## Marché de l’occasion 2026 — après la correction, le temps de la maturité
Il y a quatre ans, le marché secondaire horloger vivait son âge d’or. Un Rolex Daytona 116500LN se négociait à plus de 52 000 € sur le marché gris — 150 % au-dessus de son prix de vente au détail. Un Patek Philippe Nautilus 5711 culminait à 140 000 €, dix fois son tarif officiel. Les investisseurs spéculatifs achetaient des montres comme des NFT : avec la conviction que les prix ne pouvaient que monter.
Ils se trompaient.
La correction de 2023-2024 a été brutale : — 30 % sur l’indice global WatchCharts, — 50 % sur les modèles les plus spéculatifs. Les Rolex « hype » ont perdu la moitié de leur surcote. Les Patek Nautilus sont redescendus sous les 80 000 €. Les Audemars Piguet Royal Oak ont vu leur prime fondre comme neige au soleil.
Mais depuis le quatrième trimestre 2025, les signaux convergent. L’indice WatchCharts Global Index oscille autour de la même bande depuis neuf mois.
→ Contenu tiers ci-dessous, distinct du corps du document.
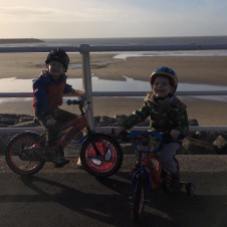aberavon beach on their bikes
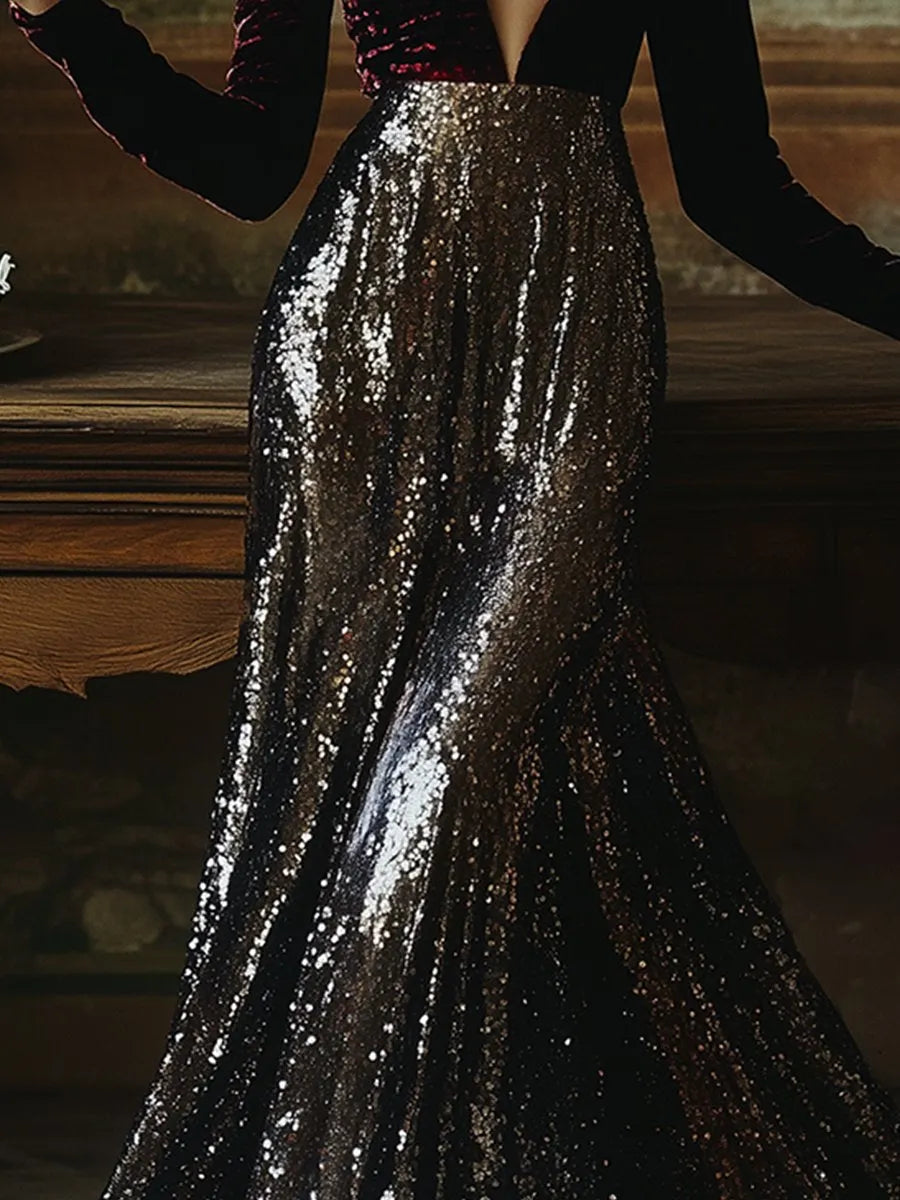 [24-hour shipping out]V-Neck Stylish Elegant Solid Color Velvet Sequined Long Maxi Dress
Les volumes de transactions, eux, remontent : Chrono24, WatchBox et les plateformes CPO enregistrent une hausse de 15 à 20 % du nombre d’échanges. Ce n’est pas un rebond — c’est une stabilisation. Et ce qui se dessine n’est pas un retour à la normale : c’est l’émergence d’une nouvelle structure de marché.
### 1. Retour sur la correction — la bulle et son éclatement
Pour comprendre où va le marché secondaire, il faut d’abord mesurer d’où il vient. Le pic de 2022 était une anomalie historique, nourrie par trois facteurs convergents : des taux d’intérêt à zéro, une demande chinoise insatiable et une pénurie artificielle de l’offre (les marques sortaient à peine de la crise des semi-conducteurs). Ajoutez à cela l’explosion des « watch flippers », et vous obteniez les conditions parfaites d’une bulle spéculative.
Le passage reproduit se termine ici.